Just zum Abschluss des EU-Afrika-Flüchtlingsgipfels in Malta führt das traditionell liberale Schweden wieder Grenzkontrollen ein – für vorerst zehn Tage. Die rot-grüne Regierung in Stockholm begründet dies mit der Rekordzahl von Neuankömmlingen, welche das Land in diesem Jahr bereits aufgenommen habe.
«Es ist das bisher stärkste Signal der schwedischen Regierung und bedeutet: Wir schaffen das nicht mehr», sagt SRF-Nordeuropa-Mitarbeiter Bruno Kaufmann. Tatsächlich seien in den letzten Tagen so viele Flüchtlinge nach Schweden gekommen, dass es schlicht keine Unterbringungsmöglichkeiten mehr gebe. In Südschweden seien Zeltstädte errichtet worden.

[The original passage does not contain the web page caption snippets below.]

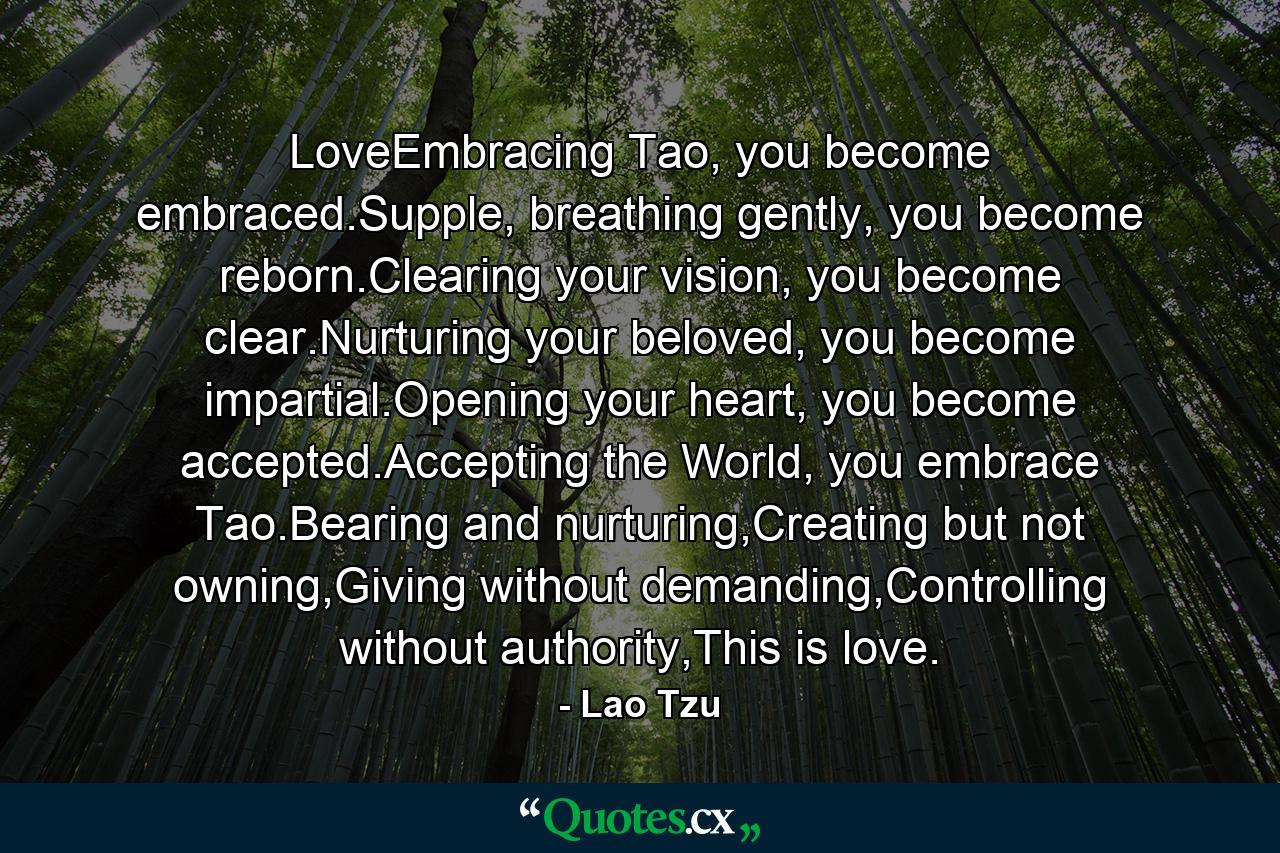 LoveEmbracing Tao, you become embraced.Supple, breathing gently, you become reborn.Clearing your vision, you become clear.Nurturing your beloved, you become impartial.Opening your heart, you become accepted.Accepting the World, you embrace Tao.Bearing and nurturing,Creating but not owning,Giving without demanding,Controlling without authority,This is love. - Quote by Lao Tzu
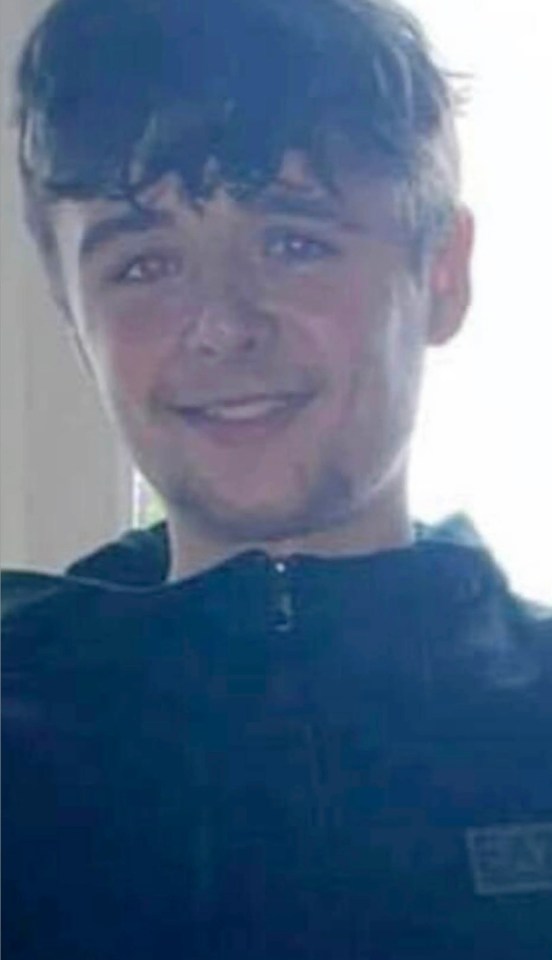 Tyler Donnelley, 19, was found at Hanworth Park in Feltham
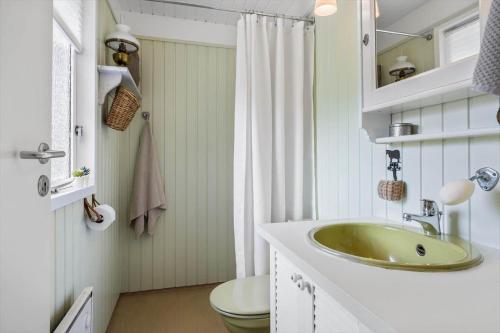 a bathroom with a green sink and a toilet at JB401-Brovst-Solsortevej-1 in Tranum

Fährbetreiber müssen Papiere verlangen
Laut Kaufmann soll mit der Wiedereinführung der Grenzkontrollen vor allem ein Zeichen gesetzt werden. Flüchtlinge sollen davon abgehalten werden, eine Fähre nach Schweden zu besteigen. Betreiber dieser Fähren von Deutschland und Dänemark sind ab Donnerstagmittag angehalten, Kontrollen durchzuführen. Die Passagiere müssen einen gültigen Pass oder eine Identitätskarte vorweisen. Viele sind nicht im Besitz solcher Dokumente.
Aber auch die bereits ins Land eingereisten Flüchtlinge sind eine grosse Herausforderung. In den letzten Tagen wurden immer wieder Flüchtlinge mit Bussen von Süden nach Norden gefahren, ohne dass sie wussten, wo sie landen. Viele wurden irgendwo abgesetzt und die Gemeinden mussten sich um sie kümmern.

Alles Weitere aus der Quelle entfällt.